Quote exactly the lines spanning from the top of the data below to the line that contains "23889 SW Red Fern Dr", including both.

Scraped caption text data
┏━━

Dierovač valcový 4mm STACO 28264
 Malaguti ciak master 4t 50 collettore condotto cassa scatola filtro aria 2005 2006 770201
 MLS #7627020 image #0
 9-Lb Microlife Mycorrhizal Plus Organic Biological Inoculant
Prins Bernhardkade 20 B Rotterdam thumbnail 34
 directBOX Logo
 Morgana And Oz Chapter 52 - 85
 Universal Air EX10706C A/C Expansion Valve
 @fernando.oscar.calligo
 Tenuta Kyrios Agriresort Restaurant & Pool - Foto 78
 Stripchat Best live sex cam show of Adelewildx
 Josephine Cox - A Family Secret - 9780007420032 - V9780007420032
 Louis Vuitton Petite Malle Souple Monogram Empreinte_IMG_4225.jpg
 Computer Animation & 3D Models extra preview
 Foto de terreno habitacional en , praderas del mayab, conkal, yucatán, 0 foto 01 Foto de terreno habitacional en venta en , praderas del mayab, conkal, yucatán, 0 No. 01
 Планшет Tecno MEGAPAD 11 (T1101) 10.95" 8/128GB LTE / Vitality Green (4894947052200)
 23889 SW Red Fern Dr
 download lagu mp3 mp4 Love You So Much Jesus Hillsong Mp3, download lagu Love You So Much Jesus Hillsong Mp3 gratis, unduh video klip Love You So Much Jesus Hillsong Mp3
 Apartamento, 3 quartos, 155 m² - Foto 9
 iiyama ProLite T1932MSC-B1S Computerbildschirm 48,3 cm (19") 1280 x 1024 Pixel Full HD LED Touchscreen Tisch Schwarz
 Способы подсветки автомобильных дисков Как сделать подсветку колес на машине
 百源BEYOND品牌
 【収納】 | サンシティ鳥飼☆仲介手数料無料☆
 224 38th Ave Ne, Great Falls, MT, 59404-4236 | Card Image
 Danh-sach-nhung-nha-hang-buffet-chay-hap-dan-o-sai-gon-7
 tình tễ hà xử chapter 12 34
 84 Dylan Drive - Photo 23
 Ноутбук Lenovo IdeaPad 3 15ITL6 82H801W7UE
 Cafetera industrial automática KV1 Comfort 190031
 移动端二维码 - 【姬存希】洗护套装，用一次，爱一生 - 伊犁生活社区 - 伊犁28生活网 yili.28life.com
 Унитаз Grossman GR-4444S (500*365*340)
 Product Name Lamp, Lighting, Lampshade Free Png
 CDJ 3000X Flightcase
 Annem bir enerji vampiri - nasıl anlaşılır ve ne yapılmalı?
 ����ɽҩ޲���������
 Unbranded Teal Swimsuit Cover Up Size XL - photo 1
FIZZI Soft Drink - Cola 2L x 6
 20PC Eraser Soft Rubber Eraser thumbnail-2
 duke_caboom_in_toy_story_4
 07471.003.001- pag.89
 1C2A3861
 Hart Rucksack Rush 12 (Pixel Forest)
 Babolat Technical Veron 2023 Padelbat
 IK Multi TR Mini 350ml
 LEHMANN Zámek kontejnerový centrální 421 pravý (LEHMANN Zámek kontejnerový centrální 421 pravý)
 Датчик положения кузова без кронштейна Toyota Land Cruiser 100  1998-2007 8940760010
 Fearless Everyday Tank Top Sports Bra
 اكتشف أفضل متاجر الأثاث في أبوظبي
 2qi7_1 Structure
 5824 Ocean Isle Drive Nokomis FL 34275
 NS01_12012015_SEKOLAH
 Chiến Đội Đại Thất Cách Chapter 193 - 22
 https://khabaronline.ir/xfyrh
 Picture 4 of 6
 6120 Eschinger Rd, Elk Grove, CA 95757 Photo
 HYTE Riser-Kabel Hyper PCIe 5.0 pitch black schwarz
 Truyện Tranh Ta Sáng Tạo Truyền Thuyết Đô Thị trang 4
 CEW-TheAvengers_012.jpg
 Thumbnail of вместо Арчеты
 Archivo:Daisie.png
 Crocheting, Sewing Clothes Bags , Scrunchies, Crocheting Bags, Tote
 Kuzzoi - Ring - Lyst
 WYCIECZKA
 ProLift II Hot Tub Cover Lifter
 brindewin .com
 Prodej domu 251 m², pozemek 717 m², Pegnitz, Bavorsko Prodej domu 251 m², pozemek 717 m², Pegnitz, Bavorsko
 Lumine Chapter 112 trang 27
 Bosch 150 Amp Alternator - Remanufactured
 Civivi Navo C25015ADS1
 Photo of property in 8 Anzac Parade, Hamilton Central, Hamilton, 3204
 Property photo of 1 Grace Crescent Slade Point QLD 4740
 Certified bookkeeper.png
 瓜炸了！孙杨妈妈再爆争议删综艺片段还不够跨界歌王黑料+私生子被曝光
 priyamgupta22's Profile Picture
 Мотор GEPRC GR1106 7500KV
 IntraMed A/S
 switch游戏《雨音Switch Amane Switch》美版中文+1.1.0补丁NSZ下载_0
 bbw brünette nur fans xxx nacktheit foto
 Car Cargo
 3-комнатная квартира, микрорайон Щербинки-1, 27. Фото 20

┗━━

## WRITTEN RESPONSE
Dierovač valcový 4mm STACO 28264
 Malaguti ciak master 4t 50 collettore condotto cassa scatola filtro aria 2005 2006 770201
 MLS #7627020 image #0
 9-Lb Microlife Mycorrhizal Plus Organic Biological Inoculant
Prins Bernhardkade 20 B Rotterdam thumbnail 34
 directBOX Logo
 Morgana And Oz Chapter 52 - 85
 Universal Air EX10706C A/C Expansion Valve
 @fernando.oscar.calligo
 Tenuta Kyrios Agriresort Restaurant & Pool - Foto 78
 Stripchat Best live sex cam show of Adelewildx
 Josephine Cox - A Family Secret - 9780007420032 - V9780007420032
 Louis Vuitton Petite Malle Souple Monogram Empreinte_IMG_4225.jpg
 Computer Animation & 3D Models extra preview
 Foto de terreno habitacional en , praderas del mayab, conkal, yucatán, 0 foto 01 Foto de terreno habitacional en venta en , praderas del mayab, conkal, yucatán, 0 No. 01
 Планшет Tecno MEGAPAD 11 (T1101) 10.95" 8/128GB LTE / Vitality Green (4894947052200)
 23889 SW Red Fern Dr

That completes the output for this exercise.